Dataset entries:
◆ ◆ ◆ ◆ ◆ ◆ ◆
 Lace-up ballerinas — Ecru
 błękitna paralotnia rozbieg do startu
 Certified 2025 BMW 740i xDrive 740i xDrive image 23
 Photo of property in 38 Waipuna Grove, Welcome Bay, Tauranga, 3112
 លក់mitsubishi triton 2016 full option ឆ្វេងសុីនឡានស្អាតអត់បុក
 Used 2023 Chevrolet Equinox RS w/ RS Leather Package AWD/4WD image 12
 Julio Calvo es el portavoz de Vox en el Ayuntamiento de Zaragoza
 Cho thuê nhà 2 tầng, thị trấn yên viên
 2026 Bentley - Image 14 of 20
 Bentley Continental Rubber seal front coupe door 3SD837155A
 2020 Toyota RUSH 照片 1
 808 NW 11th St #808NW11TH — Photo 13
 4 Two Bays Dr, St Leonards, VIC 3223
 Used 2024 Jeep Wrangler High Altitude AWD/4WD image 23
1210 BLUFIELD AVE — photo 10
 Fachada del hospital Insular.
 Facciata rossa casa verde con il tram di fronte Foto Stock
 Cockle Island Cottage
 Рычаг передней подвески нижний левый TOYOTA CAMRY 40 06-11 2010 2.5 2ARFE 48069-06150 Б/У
◆ ◆ ◆ ◆ ◆ ◆ ◆
THE PROBLEM » Please transcribe the data shown above in full, exactly as it stands.

YOUR SOLUTION »
 Lace-up ballerinas — Ecru
 błękitna paralotnia rozbieg do startu
 Certified 2025 BMW 740i xDrive 740i xDrive image 23
 Photo of property in 38 Waipuna Grove, Welcome Bay, Tauranga, 3112
 លក់mitsubishi triton 2016 full option ឆ្វេងសុីនឡានស្អាតអត់បុក
 Used 2023 Chevrolet Equinox RS w/ RS Leather Package AWD/4WD image 12
 Julio Calvo es el portavoz de Vox en el Ayuntamiento de Zaragoza
 Cho thuê nhà 2 tầng, thị trấn yên viên
 2026 Bentley - Image 14 of 20
 Bentley Continental Rubber seal front coupe door 3SD837155A
 2020 Toyota RUSH 照片 1
 808 NW 11th St #808NW11TH — Photo 13
 4 Two Bays Dr, St Leonards, VIC 3223
 Used 2024 Jeep Wrangler High Altitude AWD/4WD image 23
1210 BLUFIELD AVE — photo 10
 Fachada del hospital Insular.
 Facciata rossa casa verde con il tram di fronte Foto Stock
 Cockle Island Cottage
 Рычаг передней подвески нижний левый TOYOTA CAMRY 40 06-11 2010 2.5 2ARFE 48069-06150 Б/У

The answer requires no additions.